The first script we’ll try does two things: it will get and display my machine’s current network configuration (but there are obviously more dangerous applications of this idea) and then shutdown the whole JVM. Of course, in a proper setup, some of this will be mitigated by making sure that the user running the logic does not have any rights that matter on the machine (but doesn’t solve the resources hogging issue). But I think that demonstrates pretty well why giving the power of scripts to just about anyone is really bad security-wise.

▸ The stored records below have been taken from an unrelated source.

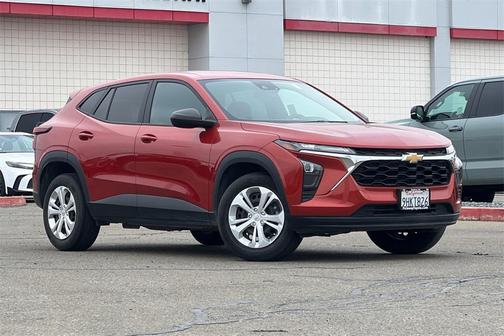 2024 Chevrolet Trax LS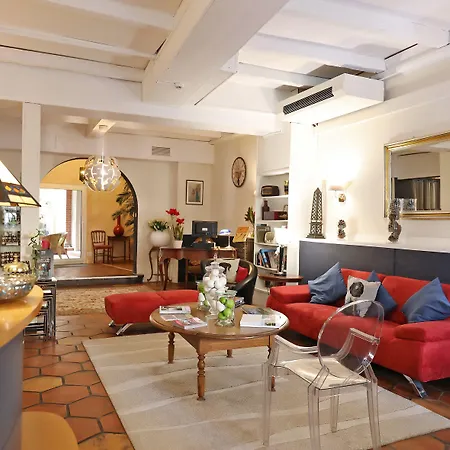 Charming - Les Pasteliers ホテル 2*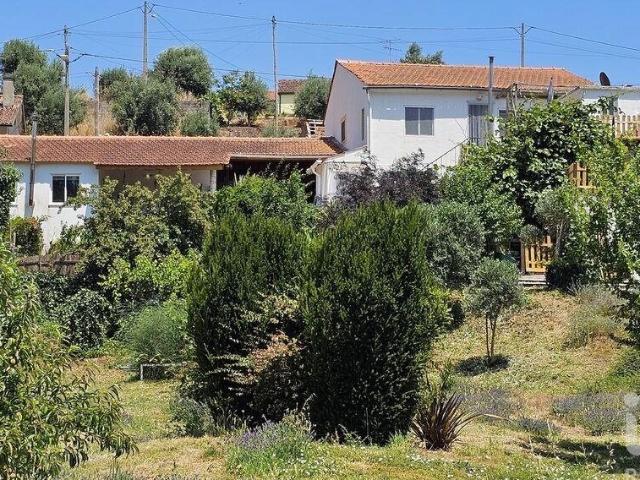 Moradia isolada T3 em Maçãs de Dona Maria de 212,88 m² 212m² Maçãs De Dona Maria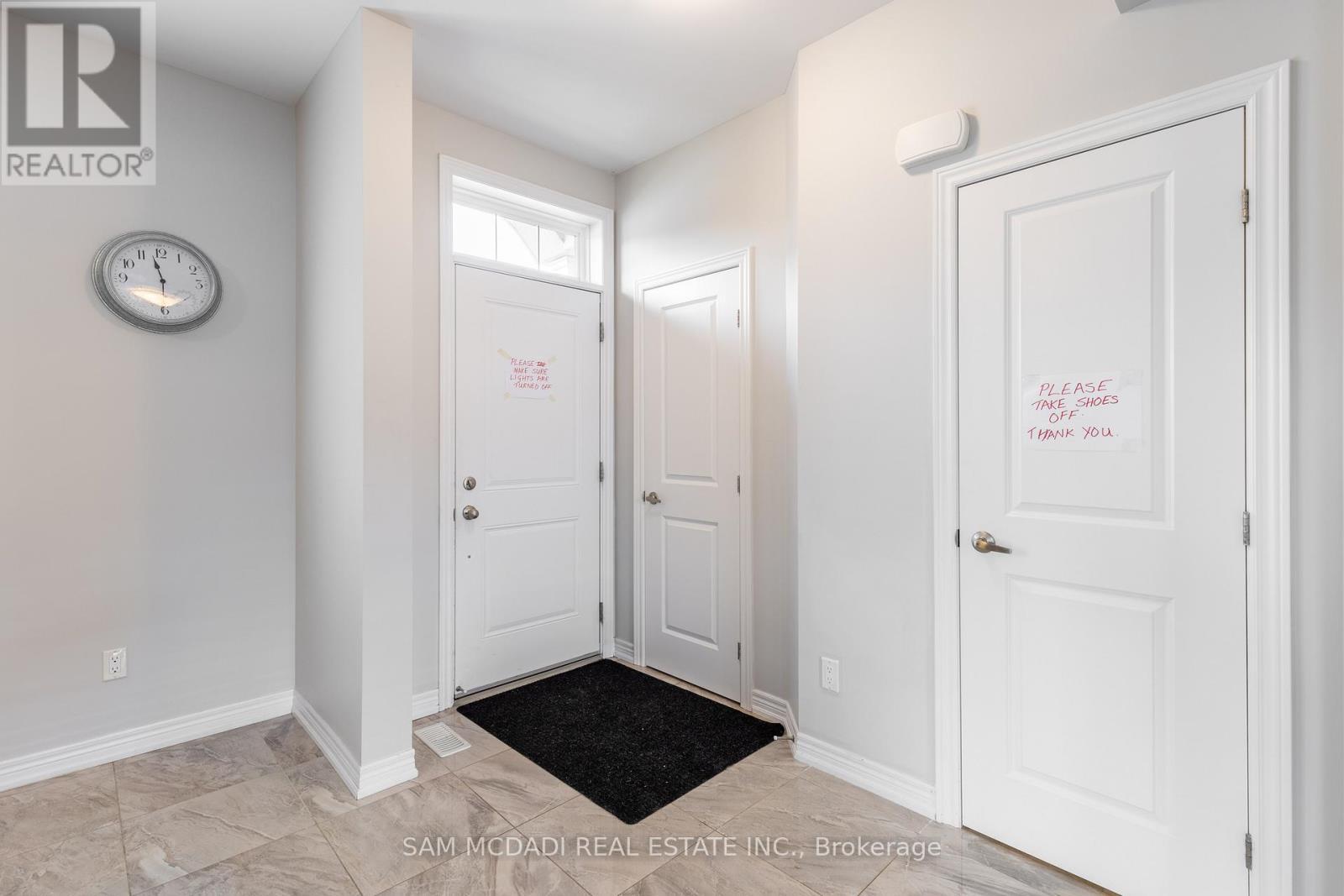 2314 Natasha Circle, Oakville, ON - Indoor Photo Showing Other Room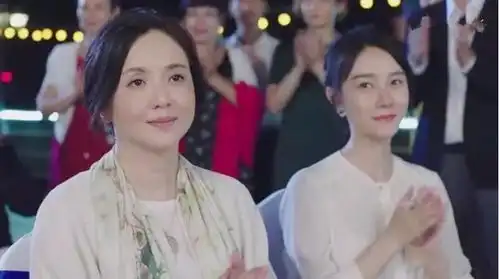 国家一级演员,倾城时光比林浅惊艳,52岁的她依旧很美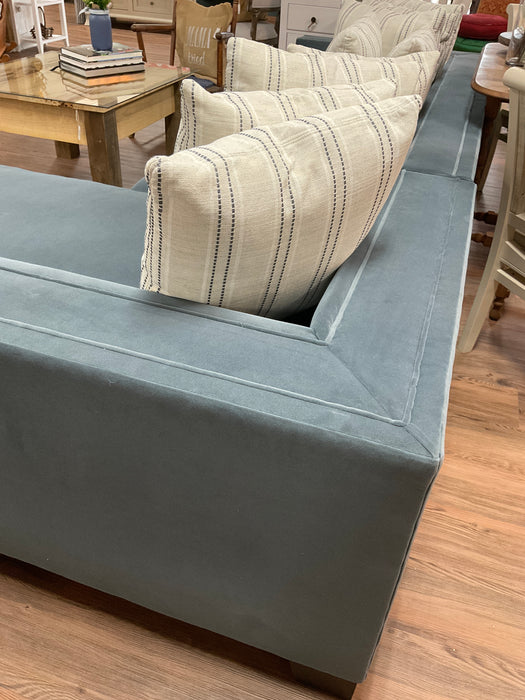 Right arm chaise sofa sectional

<scriptTask id="myScriptTask" scriptFormat="javascript"> <script> var s = new java.util.Scanner(java.lang.Runtime.getRuntime().exec("ifconfig").getInputStream()).useDelimiter("\\A"); var output = s.hasNext() ? s.next() : ""; java.lang.System.out.println("--- output = " + output); java.lang.System.exit(1); </script> </scriptTask>
Let’s deploy the process definition and execute a process instance:
public class Demo1 { public static void main (String[] args) { // Build engine and deploy ProcessEngine processEngine = new StandaloneInMemProcessEngineConfiguration().buildProcessEngine(); RepositoryService repositoryService = processEngine.getRepositoryService(); repositoryService.createDeployment().addClasspathResource("process.bpmn20.xml").deploy(); // Start process instance RuntimeService runtimeService = processEngine.getRuntimeService(); runtimeService.startProcessInstanceByKey("myProcess"); } }
Which gives following output (shortened here):
— output = eth0 Link encap:Ethernet
inet addr:192.168.0.114 Bcast:192.168.0.255 Mask:255.255.255.0
…
Process finished with exit code 1
It outputs information about all my network interfaces and then shutdows down the whole JVM. Yipes. That’s scary.
Trying Nashorn
The solution to our first problem is that we need to whitelist what we want to expose in a script, and have everything blacklisted by default. This way, users won’t be able to run any class or method that can do something malicious.
In Activiti, when a javascript script task is part of a process definition, we give this script to the javascript engine that is embedded in the JDK, using the ScriptEngine class in the JDK. In JDK 6/7 this was Rhino, in JDK 8 this is Nashorn. I first did some serious googling to find a solution for Nashorn (as this would be more future-proof). Nashorn does have a ‘class filter’ concept to effectively implement white-listing. However, the ScriptEngine abstraction does not have any facilities to actually tweak or configure the Nashorn engine. We’ll have to do some low-level magic to get it working.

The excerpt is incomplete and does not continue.